# Help identifying a hymn/poem verse



## JonathanHunt (Oct 14, 2010)

I have just been listening to Pastor Bilkes' closing sermon in his ministry at the Free Reformed Church, Grand Rapids.

In it, he closes quoting this lovely verse. I cannot find it anywhere online. Can anyone identify where or whence it cometh?

_Enter the doors which to you God is giving
Few are your days and the time rushes on
What would you say will be left of your living?
- Only whate'er out of love you have done
Nothing abideth, nothing abideth
Life and its beauty will wither away
But what was done out of love for the Saviour
That lasts forever, its memory will stay_

Anyone?


----------



## coramdeo (Oct 14, 2010)

try..........Hymnlyrics.org Hymn Center


----------



## JonathanHunt (Oct 14, 2010)

I have googled extensively.
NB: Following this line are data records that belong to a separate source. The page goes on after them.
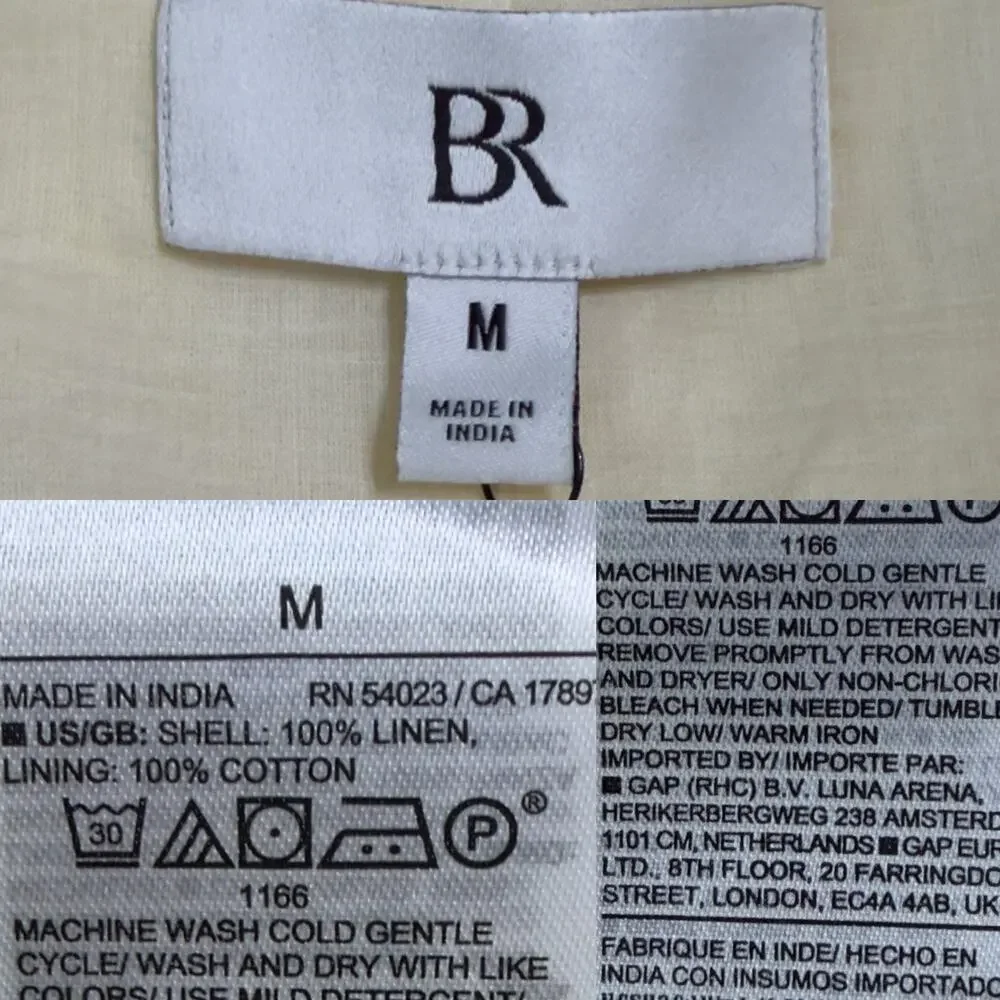 NEW Banana Republic Livia Linen Mini Shift Dress size Medium Butter Yellow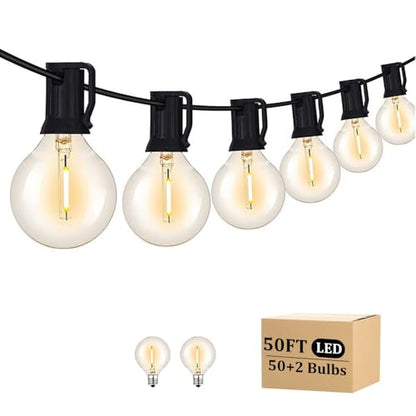 Outdoor String Light 50FT Patio Black with 52 Shatterproof G40 LED Clear Globe Bulbs for Indoor/Outdoor, Connectable Hanging Lights for Backyard Balcony Party Decor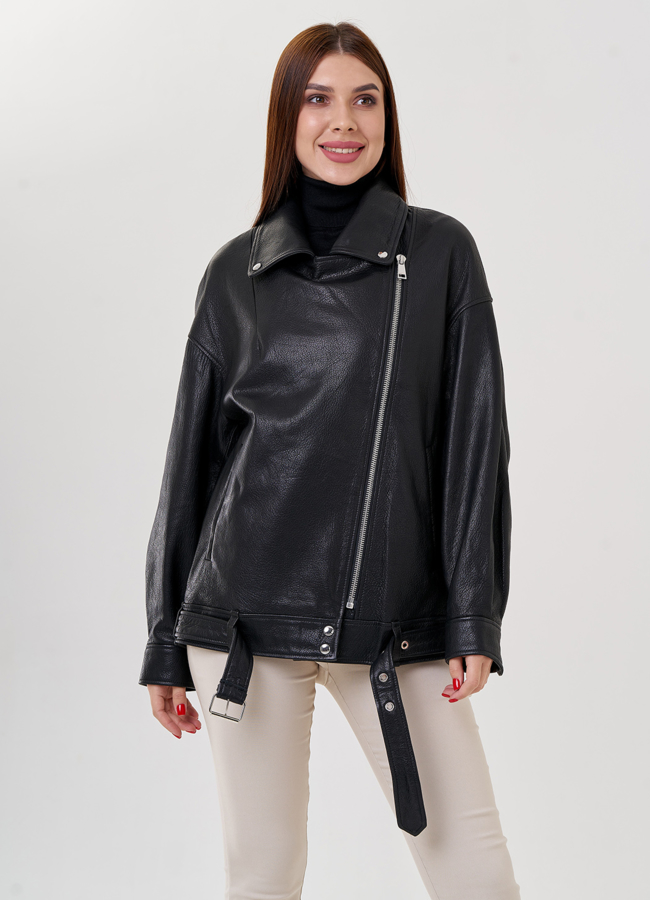 Косуха оверсайз из натуральной кожи модель № 79084 универмаг малина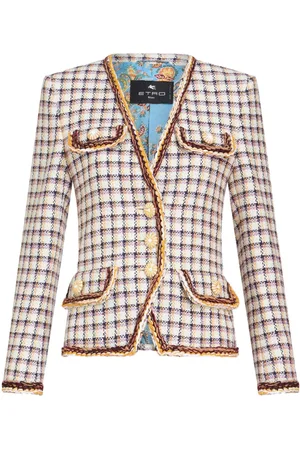 Etro Check-jacquard cotton-blend jacket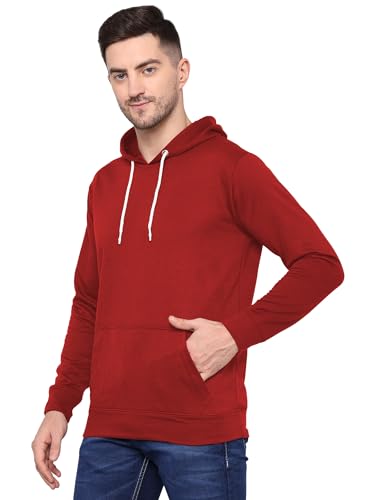 Image of TQH Men's Cotton Blend Fleece Solid Hooded Neck Sweatshirt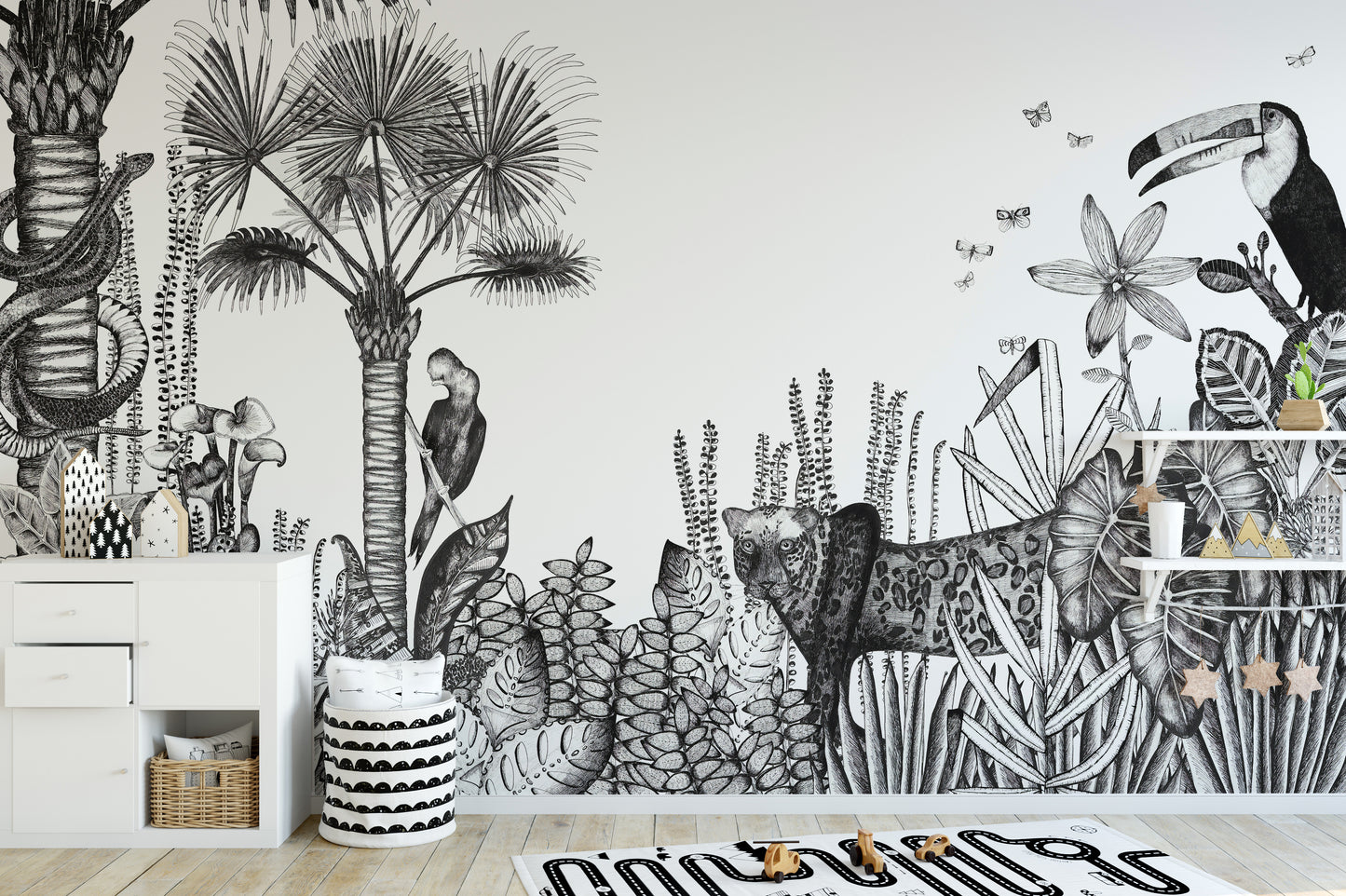 Charcoal Pencil Art Tropical Wallpaper Murals - Giffywalls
Hymnlyrics doesn't appear to have it.


----------



## LawrenceU (Oct 14, 2010)

I don't remember where, but I know I have heard it. I will try and find it.


----------



## JonathanHunt (Oct 15, 2010)

bumpity bump bump!


----------



## JonathanHunt (Oct 16, 2010)

Oh COME ON PEOPLE! One of you MUST know!

I can almost hear the Dread Pirate Roberts saying to me: 'get used to disappointment'...


----------



## JBaldwin (Oct 17, 2010)

This sounds like a second, third or fourth verse/stanza which is why, I suspect, you are not finding it. I dug through my fairly large hymnal collection and could not find it.


----------



## Contra_Mundum (Oct 17, 2010)

The meter would fit with the tune "Faithfulness" 11.10.11.10.ref (Great Is Thy Faithfulness). And the sentiment follows somewhat the theme.
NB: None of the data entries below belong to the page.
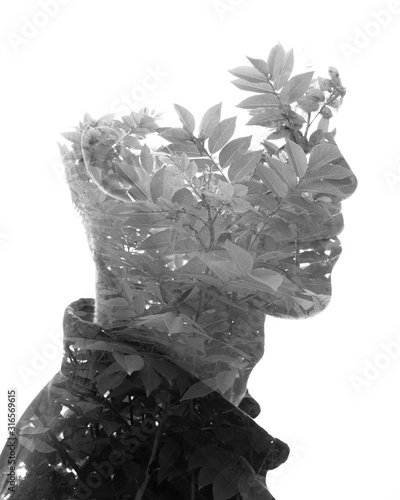 Konstfotografi Creative surreal double exposure portrait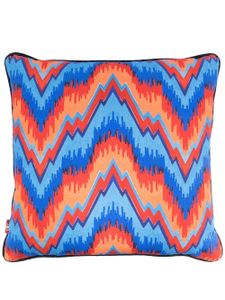 GERGEI ERDEI coussin carré à motif zigzag - Bleu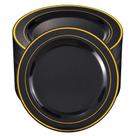 Pratos de jantar BuCla Black Plastic com borda dourada 26 cm 100 unidades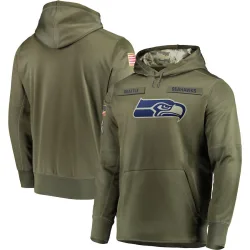 Seattle Seahawks Men's 2018 Salute to Service Sideline Therma Performance Pullover Hoodie (Olive)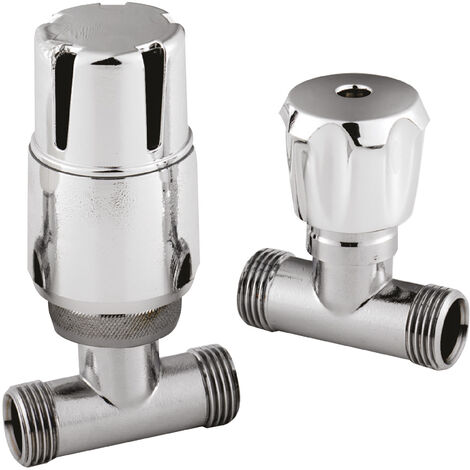 Straight Thermostatic Radiator Valves, Sold in Pairs - Chrome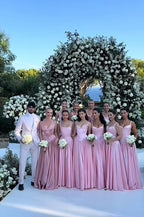 Pink Retro Elegant Sweetheart Neckline A-Line Spaghetti Strap Satin Long Prom Dress Birthday Prom Dress Bridesmaid Dresses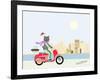 Fashionable Hipster Cat On A Vintage Scooter In A City- Illustration-run4it-Framed Art Print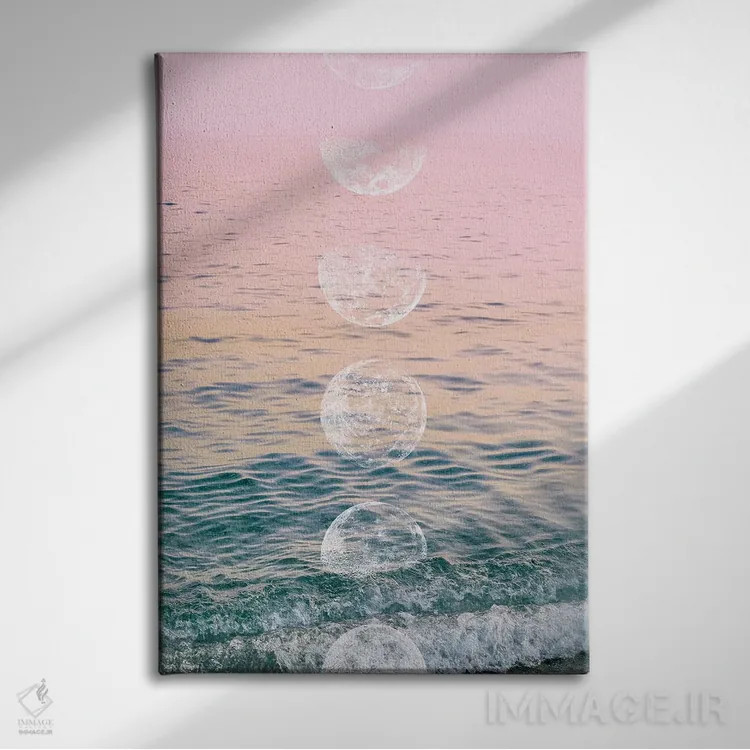 تابلو مدرن ساحل زمان ماه اثر امانوئلا کاراتونی - نمای روبهرو روی دیوار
I wonder, the thought sounds a bit more modern to me, especially that last part that echoes that bit:
"Only one life, 'twil soon be past/ Only what's done for Christ will last."
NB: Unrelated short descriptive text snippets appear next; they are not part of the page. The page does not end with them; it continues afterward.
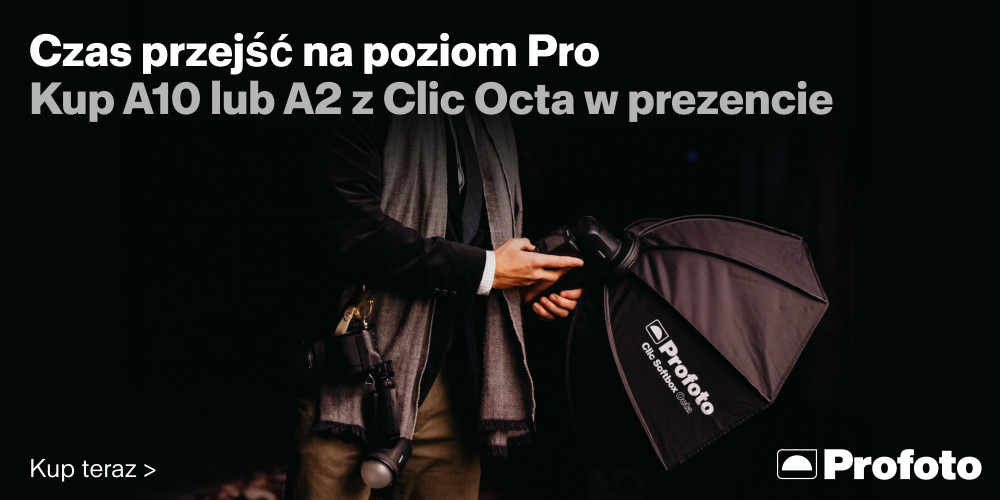 Kupując lampę Profoto A10 lub A2 otrzymasz Clic Octa 2 za 1 zł!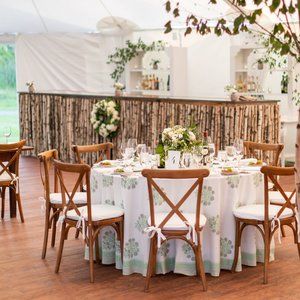 Julia Amory Celadon Poppy Round Tablecloth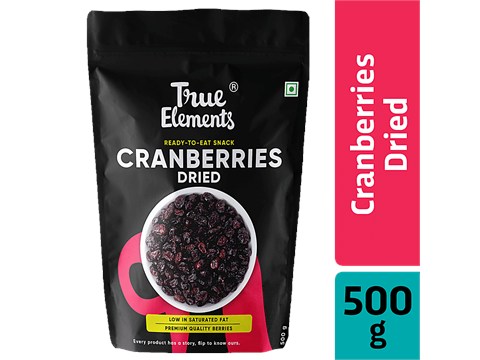 True Elements Dried Whole Cranberries, 500 g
So, I'm going to take a *guess*, and say that its a new line, attributable to who knows, but a recent "fourth verse" or some such, added on to "Great Is Thy Faithfulness."


----------



## JennyG (Oct 18, 2010)

Contra_Mundum said:


> So, I'm going to take a *guess*, and say that its a new line, attributable to who knows, but a recent "fourth verse" or some such, added on to "Great Is Thy Faithfulness."



that's well spotted how neatly it fits that tune!,- but it seems to me anyone wanting to *add* to Great is thy Faithfulness would most likely keep the refrain. Perhaps it's part of a whole new hymn written for the same tune? (not helpful, sorry)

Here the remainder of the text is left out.